AIM OF THE TASK » After locating the line that contains "Graveerarmband hart gourmette", transcribe exactly that line and each one after it until the data ends, skipping pictures.

═══ RECORDED INFORMATION

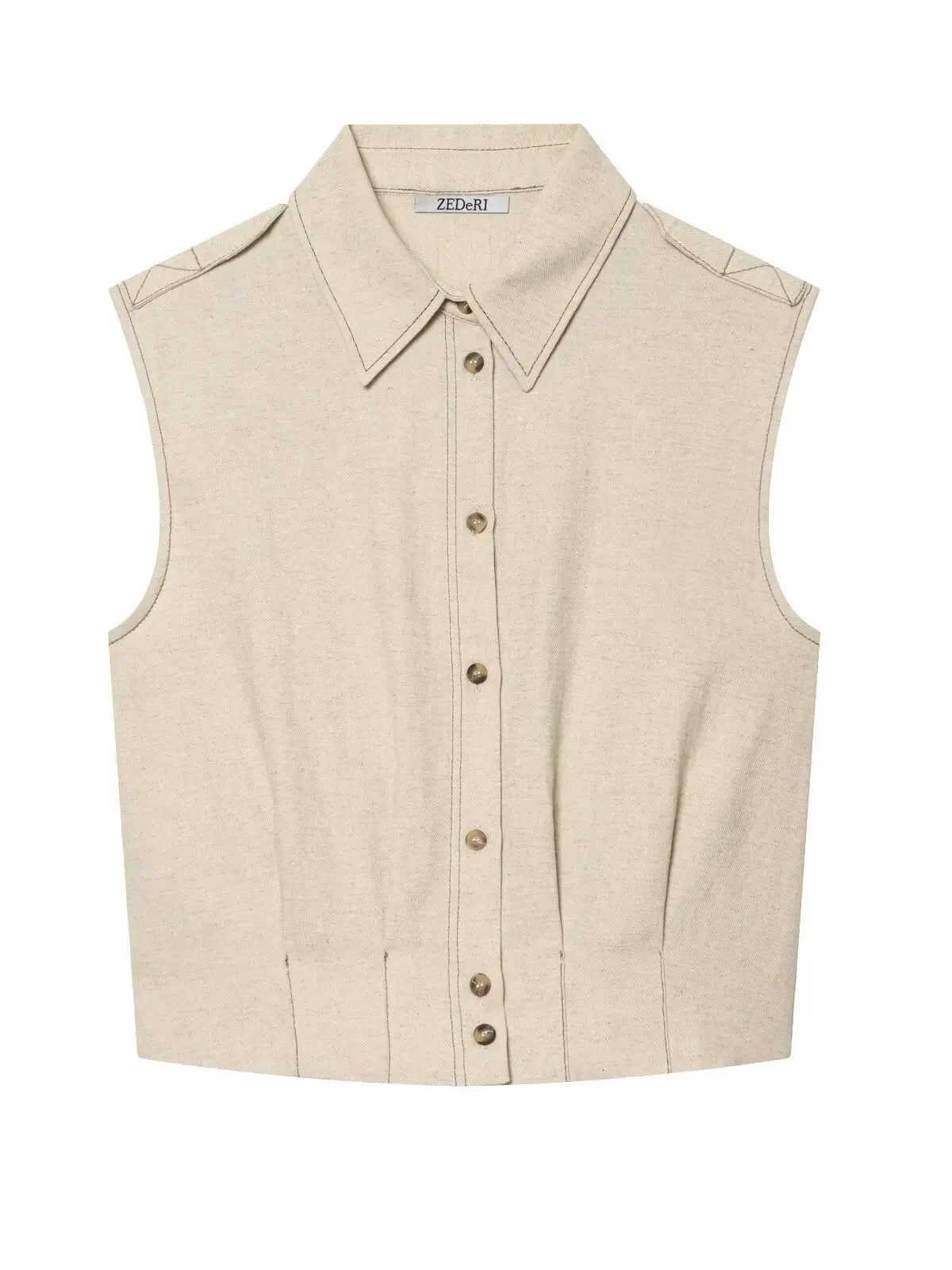 Women's Gentle Sleeveless Collared Waist-Cinching Short Shirt Top with Double-Breasted Midi Half-Length Skirt Set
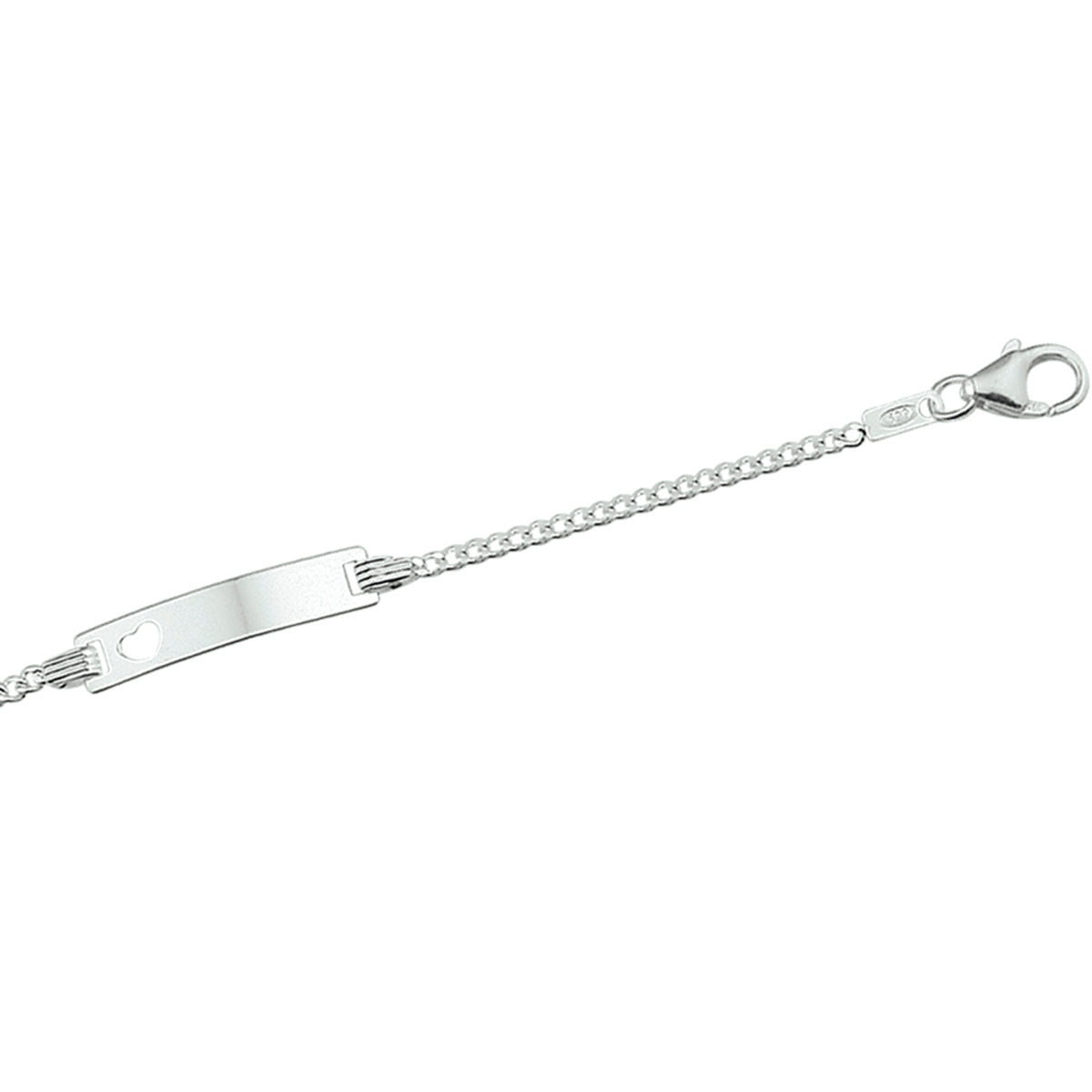Graveerarmband hart gourmette plaat 4,2 mm zilver wit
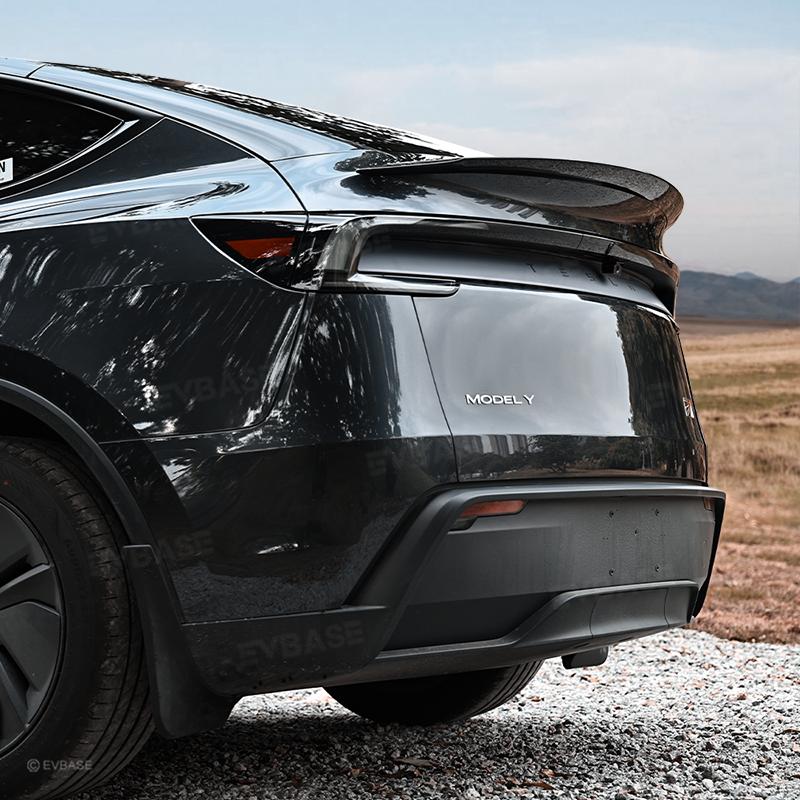 Tesla Model Y Juniper Spoiler Real Carbon Fiber Wing Rear Trunk Lid With Performance Style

══════

OUTPUT BELOW »
Graveerarmband hart gourmette plaat 4,2 mm zilver wit
 Tesla Model Y Juniper Spoiler Real Carbon Fiber Wing Rear Trunk Lid With Performance Style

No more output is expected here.